You can view metrics of ACK Serverless clusters on predefined dashboards that are provided by Managed Service for Prometheus. This topic describes how to enable Managed Service for Prometheus for ACK Serverless clusters, configure alert rules in Managed Service for Prometheus, create custom metrics in Managed Service for Prometheus, and use Grafana to display custom metrics.
Introduction to Managed Service for Prometheus
Managed Service for Prometheus is a fully managed monitoring service interfaced with the open source Prometheus ecosystem. Managed Service for Prometheus monitors a wide array of components and provides multiple predefined dashboards.
Cluster type | Supported Prometheus agents |
ACK Serverless Pro cluster | You can install managed or unmanaged Prometheus agents. By default, managed Prometheus agents are installed.
|
ACK Serverless Basic cluster | You can install only unmanaged Prometheus agents. The pod in which an unmanaged Prometheus agent is deployed requires 3 CPU cores and 4 GB of memory. The default retention period of the collected data is seven days. |
Managed Service for Prometheus provides a managed Prometheus monitoring system, which saves you the effort to manage underlying services, such as data storage, data display, and system maintenance. For more information about Managed Service for Prometheus, see What is Managed Service for Prometheus?

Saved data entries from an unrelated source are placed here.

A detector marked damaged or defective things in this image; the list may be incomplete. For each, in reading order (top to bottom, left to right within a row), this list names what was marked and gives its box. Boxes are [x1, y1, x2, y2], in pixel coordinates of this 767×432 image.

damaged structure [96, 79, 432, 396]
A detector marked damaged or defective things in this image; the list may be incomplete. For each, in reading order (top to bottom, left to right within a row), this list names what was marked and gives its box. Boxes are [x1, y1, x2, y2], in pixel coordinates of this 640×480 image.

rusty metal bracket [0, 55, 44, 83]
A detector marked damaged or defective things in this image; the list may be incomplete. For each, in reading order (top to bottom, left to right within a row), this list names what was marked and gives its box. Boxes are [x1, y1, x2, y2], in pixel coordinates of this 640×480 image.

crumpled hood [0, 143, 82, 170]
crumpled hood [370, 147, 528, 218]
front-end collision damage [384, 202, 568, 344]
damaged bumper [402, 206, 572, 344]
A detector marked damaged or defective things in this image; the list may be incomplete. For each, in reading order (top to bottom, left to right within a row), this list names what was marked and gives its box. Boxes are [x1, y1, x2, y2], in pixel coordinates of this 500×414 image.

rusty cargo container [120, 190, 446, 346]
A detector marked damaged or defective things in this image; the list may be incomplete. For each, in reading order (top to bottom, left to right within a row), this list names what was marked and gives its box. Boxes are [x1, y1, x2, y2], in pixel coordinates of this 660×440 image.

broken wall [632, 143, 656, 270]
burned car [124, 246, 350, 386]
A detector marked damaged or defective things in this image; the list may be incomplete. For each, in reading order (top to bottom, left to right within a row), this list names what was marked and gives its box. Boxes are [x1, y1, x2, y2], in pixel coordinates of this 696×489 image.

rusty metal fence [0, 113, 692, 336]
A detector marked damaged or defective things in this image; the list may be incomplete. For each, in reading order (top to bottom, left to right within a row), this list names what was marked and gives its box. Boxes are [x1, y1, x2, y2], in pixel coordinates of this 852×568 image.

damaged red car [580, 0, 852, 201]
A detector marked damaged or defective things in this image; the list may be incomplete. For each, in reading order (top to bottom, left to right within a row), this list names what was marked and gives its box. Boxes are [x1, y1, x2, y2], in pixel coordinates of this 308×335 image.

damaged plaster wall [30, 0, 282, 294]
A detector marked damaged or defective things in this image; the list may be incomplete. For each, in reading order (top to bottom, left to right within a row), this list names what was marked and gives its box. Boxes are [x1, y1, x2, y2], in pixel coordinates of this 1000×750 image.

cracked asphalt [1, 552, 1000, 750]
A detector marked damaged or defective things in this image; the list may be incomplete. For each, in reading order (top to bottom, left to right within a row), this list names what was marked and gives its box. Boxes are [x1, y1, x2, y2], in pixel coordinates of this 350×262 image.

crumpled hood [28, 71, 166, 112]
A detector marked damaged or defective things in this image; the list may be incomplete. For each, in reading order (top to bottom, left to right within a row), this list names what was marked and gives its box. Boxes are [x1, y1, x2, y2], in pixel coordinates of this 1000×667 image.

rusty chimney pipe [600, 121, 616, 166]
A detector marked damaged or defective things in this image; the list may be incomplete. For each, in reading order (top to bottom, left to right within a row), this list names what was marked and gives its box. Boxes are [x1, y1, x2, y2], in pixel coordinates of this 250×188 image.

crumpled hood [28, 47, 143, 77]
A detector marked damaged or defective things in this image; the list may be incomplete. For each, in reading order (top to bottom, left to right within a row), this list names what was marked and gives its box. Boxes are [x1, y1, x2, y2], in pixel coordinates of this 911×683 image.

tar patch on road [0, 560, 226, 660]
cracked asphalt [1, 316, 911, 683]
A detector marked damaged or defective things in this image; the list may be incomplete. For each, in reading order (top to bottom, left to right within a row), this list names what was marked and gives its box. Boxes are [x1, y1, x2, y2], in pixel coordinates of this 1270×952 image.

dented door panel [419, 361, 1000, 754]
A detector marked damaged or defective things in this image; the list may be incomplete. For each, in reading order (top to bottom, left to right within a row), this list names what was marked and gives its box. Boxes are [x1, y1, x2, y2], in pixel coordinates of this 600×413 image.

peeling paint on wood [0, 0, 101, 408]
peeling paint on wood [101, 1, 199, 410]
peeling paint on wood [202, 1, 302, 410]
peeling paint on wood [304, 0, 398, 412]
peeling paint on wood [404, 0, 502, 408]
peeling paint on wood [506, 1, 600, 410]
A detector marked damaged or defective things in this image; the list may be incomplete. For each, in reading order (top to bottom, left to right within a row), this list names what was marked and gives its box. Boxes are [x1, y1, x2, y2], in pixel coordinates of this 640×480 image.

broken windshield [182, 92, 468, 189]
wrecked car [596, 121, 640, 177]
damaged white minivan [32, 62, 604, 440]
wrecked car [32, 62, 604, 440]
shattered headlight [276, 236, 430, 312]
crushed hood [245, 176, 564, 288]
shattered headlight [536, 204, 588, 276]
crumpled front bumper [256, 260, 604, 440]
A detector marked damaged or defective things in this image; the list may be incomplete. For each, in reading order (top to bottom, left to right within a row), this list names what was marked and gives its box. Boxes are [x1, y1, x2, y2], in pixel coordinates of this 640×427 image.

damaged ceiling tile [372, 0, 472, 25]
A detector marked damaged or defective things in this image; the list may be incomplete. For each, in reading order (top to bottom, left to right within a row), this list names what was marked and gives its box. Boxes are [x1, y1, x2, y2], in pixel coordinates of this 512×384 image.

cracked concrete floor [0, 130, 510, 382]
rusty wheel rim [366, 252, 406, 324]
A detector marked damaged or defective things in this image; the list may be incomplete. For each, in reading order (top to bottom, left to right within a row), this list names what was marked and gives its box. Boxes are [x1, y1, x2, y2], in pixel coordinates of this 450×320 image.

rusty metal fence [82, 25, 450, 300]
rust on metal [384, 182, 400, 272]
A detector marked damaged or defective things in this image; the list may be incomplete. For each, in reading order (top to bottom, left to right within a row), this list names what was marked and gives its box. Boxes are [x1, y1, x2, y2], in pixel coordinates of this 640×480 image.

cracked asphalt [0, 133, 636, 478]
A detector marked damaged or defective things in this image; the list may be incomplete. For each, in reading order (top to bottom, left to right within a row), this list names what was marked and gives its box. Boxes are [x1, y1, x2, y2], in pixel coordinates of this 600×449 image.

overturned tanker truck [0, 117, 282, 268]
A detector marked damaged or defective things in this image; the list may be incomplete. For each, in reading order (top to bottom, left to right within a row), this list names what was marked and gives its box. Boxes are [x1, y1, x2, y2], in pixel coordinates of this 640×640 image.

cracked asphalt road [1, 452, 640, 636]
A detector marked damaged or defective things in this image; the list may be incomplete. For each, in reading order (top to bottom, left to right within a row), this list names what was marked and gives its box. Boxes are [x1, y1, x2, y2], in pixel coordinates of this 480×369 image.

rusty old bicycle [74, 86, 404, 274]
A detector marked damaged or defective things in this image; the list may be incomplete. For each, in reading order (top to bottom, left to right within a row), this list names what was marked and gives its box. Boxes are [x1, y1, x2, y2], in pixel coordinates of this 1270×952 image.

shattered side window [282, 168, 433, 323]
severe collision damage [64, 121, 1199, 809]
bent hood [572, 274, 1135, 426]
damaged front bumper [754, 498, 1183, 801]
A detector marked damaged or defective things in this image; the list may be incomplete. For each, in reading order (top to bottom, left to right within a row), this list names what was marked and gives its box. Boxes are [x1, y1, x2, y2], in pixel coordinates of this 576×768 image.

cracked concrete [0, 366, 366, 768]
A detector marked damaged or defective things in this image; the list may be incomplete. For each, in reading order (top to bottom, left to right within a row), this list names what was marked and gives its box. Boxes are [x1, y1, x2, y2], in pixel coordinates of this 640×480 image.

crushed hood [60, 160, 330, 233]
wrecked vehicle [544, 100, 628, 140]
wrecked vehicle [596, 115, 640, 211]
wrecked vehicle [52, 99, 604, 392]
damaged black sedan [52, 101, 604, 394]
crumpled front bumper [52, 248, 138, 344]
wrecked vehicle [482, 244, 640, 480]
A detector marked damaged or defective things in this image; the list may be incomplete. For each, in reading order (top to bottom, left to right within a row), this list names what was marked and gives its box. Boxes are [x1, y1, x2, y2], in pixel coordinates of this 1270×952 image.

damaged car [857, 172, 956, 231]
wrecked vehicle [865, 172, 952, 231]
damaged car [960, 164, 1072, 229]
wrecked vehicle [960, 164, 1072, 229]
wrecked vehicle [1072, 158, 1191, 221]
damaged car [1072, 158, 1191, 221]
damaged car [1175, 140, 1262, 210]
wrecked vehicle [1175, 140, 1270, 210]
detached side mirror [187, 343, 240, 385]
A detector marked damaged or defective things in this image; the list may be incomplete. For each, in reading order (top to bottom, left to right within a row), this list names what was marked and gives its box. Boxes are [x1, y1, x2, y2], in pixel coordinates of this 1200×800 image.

Step 1: Enable Managed Service for Prometheus
Enable Managed Service for Prometheus when you create a cluster
On the Component Configurations wizard page, select Enable Managed Service for Prometheus. For more information, see Create an ACK Serverless cluster.
By default, Enable Managed Service for Prometheus is selected when you create a cluster. After the cluster is created, the system automatically configures Managed Service for Prometheus.
A managed Prometheus agent is automatically installed in the cluster. If you want to use an unmanaged Prometheus agent, go to the cluster details page and choose Operations > Add-ons in the left-side navigation pane. On the Add-ons page, uninstall ack-arms-prometheus
. Then, the unmanaged version of ack-arms-prometheus is displayed and available for installation.
If ack-arms-prometheus is not displayed, it means that the region where the ACK Serverless cluster is deployed does not support Managed Service for Prometheus.
Enable Managed Service for Prometheus for an existing cluster
Log on to the ACK console. In the left-side navigation pane, click Clusters.
On the Clusters page, find the cluster that you want to manage and click its name. In the left-side pane, choose .
On the Prometheus Monitoring page, follow the on-screen instructions to install the required component and check the relevant dashboards.
The system automatically installs the component and checks the dashboards. After the installation is completed, you can click each tab to view metrics.
Step 2: View Grafana dashboards provided by Managed Service for Prometheus
On the Prometheus Monitoring page in the ACK console, you can click different Grafana dashboards to view different monitoring data.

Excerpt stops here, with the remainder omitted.